REQUIRED WORK: Please repeat the lines below, exactly and only, from the one that holds "Pretty A Line" through the one that holds "Columbia Men's Powder".

RECORDS SHOWN:
=== Begin Enclosure ===

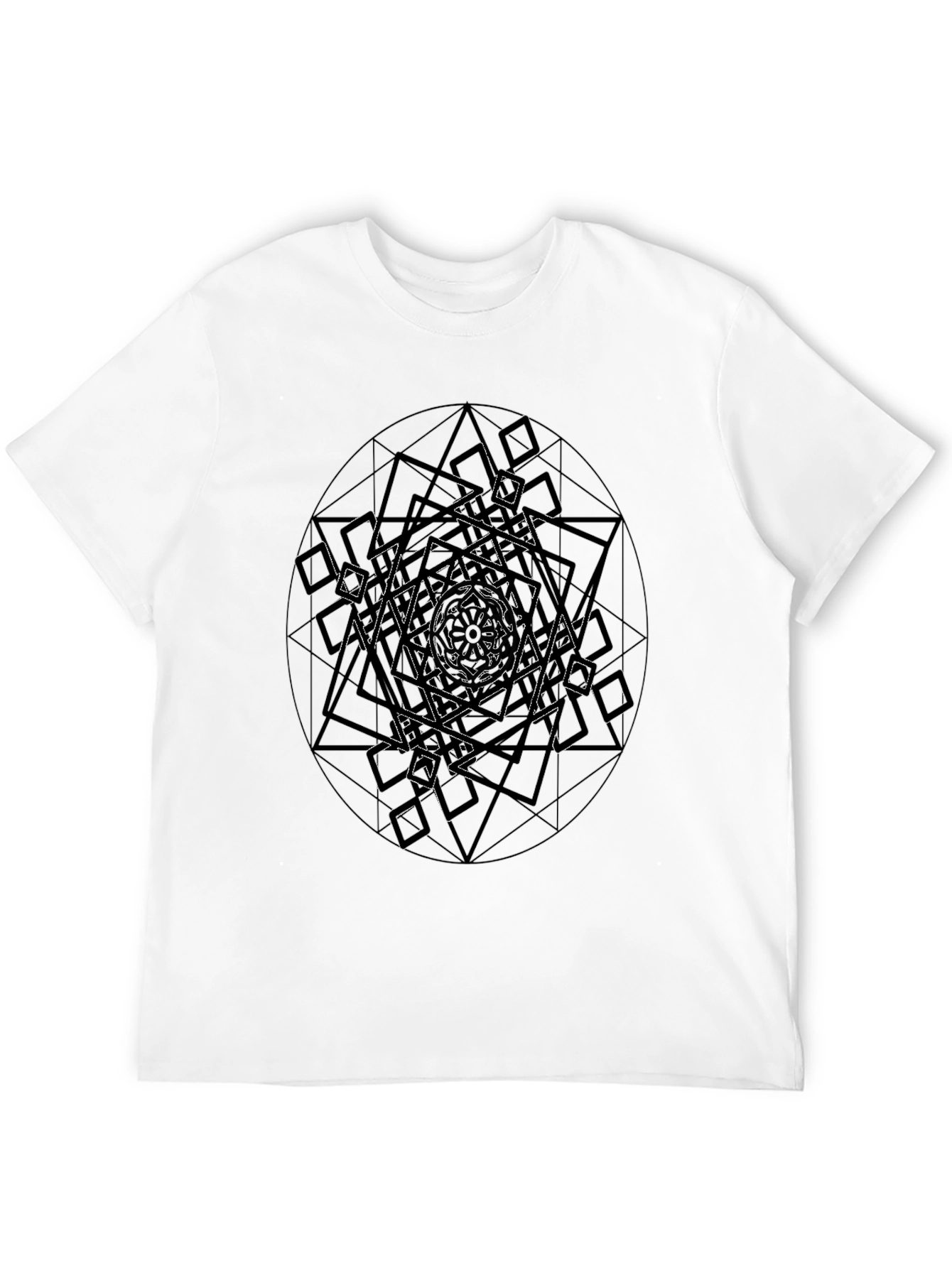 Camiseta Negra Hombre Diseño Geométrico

=== End Enclosure ===
=== Begin Enclosure ===

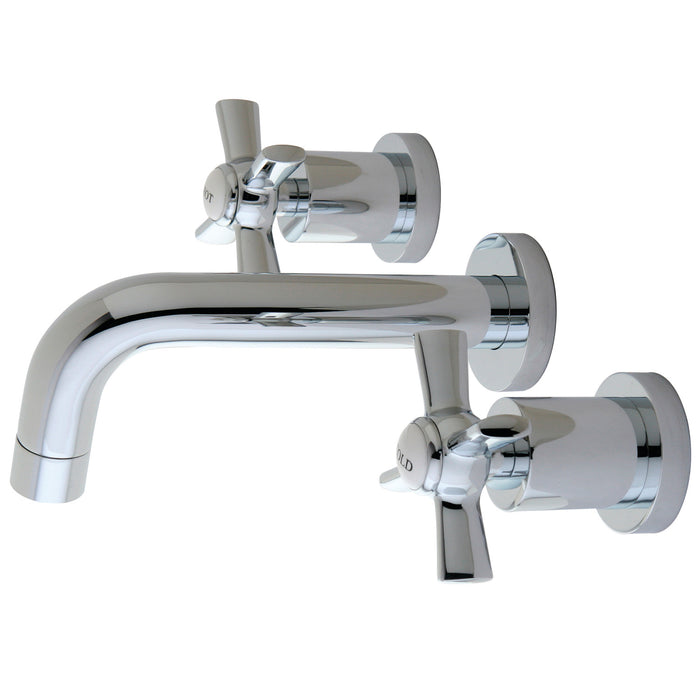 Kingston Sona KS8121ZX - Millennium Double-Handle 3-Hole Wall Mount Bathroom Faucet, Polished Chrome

=== End Enclosure ===
=== Begin Enclosure ===

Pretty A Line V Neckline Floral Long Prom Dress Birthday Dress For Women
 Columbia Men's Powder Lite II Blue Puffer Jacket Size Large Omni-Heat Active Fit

=== End Enclosure ===

EXERCISE OUTPUT:
Pretty A Line V Neckline Floral Long Prom Dress Birthday Dress For Women
 Columbia Men's Powder Lite II Blue Puffer Jacket Size Large Omni-Heat Active Fit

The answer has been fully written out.